白い浜辺にぽつんと椅子がひとつ。 目の前にあるのは、どこまでも広がっていく静かで大きな海。 ここに座ってみたら、何が見えるのだろう。
あれ、椅子にだれかの後姿が見えますよ。 「すわっているのは だれかしら。」 白いネコさんに見えます。 その視線の先の海には・・・美味しそうな魚が飛び跳ねていた!
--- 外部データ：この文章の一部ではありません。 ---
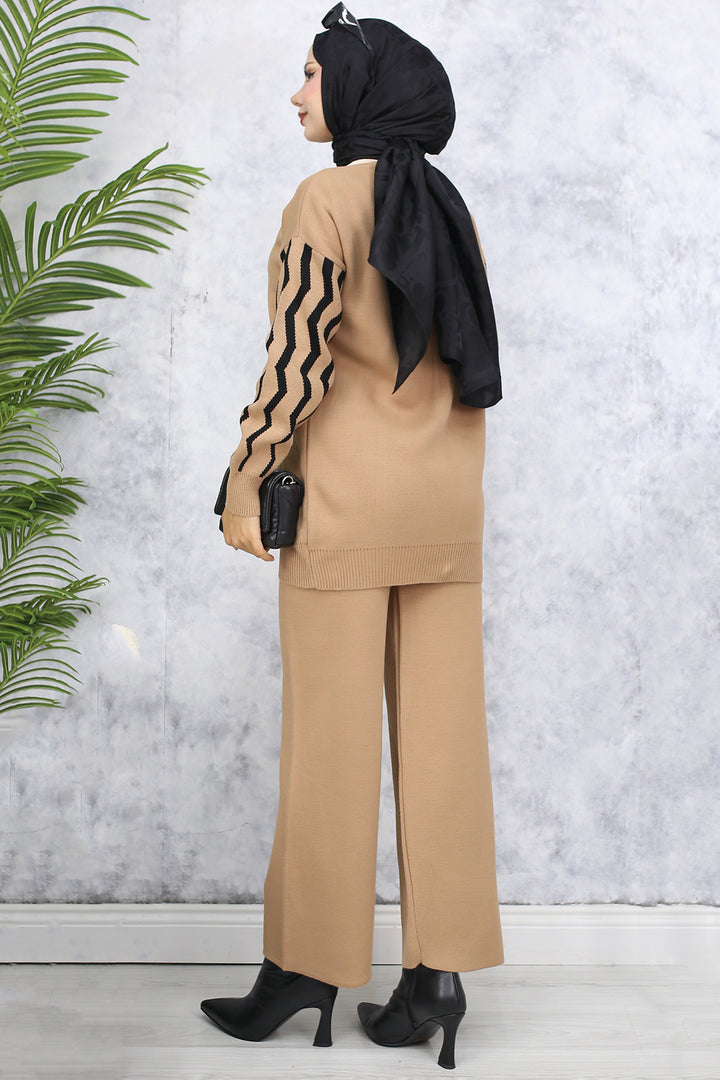 BNG Women Patterned Knitwear Set in Mink Color - Figueras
今度は大きなクマさんの背中。 これまた大きなクジラさんと会話を交わしているのでしょうか。 「おおきいねえ。」「クマさんもな。」
その椅子には、いつでも、誰でも座ることができるようです。 男の子が座れば、その広い海のかなたにおばあちゃんへの想いを馳せ、母と娘はお父さんの乗った見えぬ船に想いをめぐらせます。 時には誰も座っていない時もあります。そんな時は、誰にも見られていない海があります。
海は時間の流れと共に、その景色や色を変えたり、変わらなかったり。 みんなの想いを包み込み、何かを返したり返さなかったり。 いつでもそこに佇んでいます。
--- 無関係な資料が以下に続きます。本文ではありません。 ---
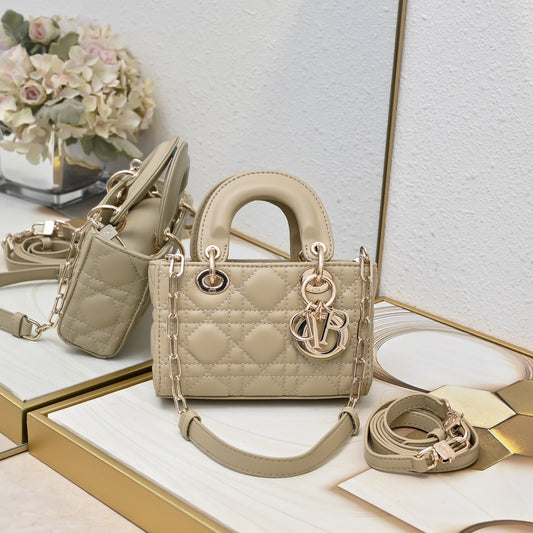 Chic & Stylish Bags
それぞれの海の景色を眺め、自分でも絵本の中の椅子に座って海を眺め。 すると、自分の手のひらにチョウチョがとまりにきた!? 内田麟太郎さんの言葉とnakabanさんの絵。 ふと気がつくと長い時間が過ぎてしまうような、美しく抒情あふれる絵本です。
(磯崎園子 絵本ナビ編集長)
浜辺にぽつんとある椅子は、ただ静かに海のほうをむいています。座りたければ、いつでも、誰でも、その椅子に座ることができます。そしてそれぞれ、海のかなたに想いを馳せるのです――。美しく静かな抒情あふれる絵本です。
静かな海辺の景色が続く絵本ですが、
最初のねこさんと、トビウオが楽しいです。
次のページも、どのページも、個性があって良いですね。
海がスーラの点描画のようで、色彩も、とってもきれいです。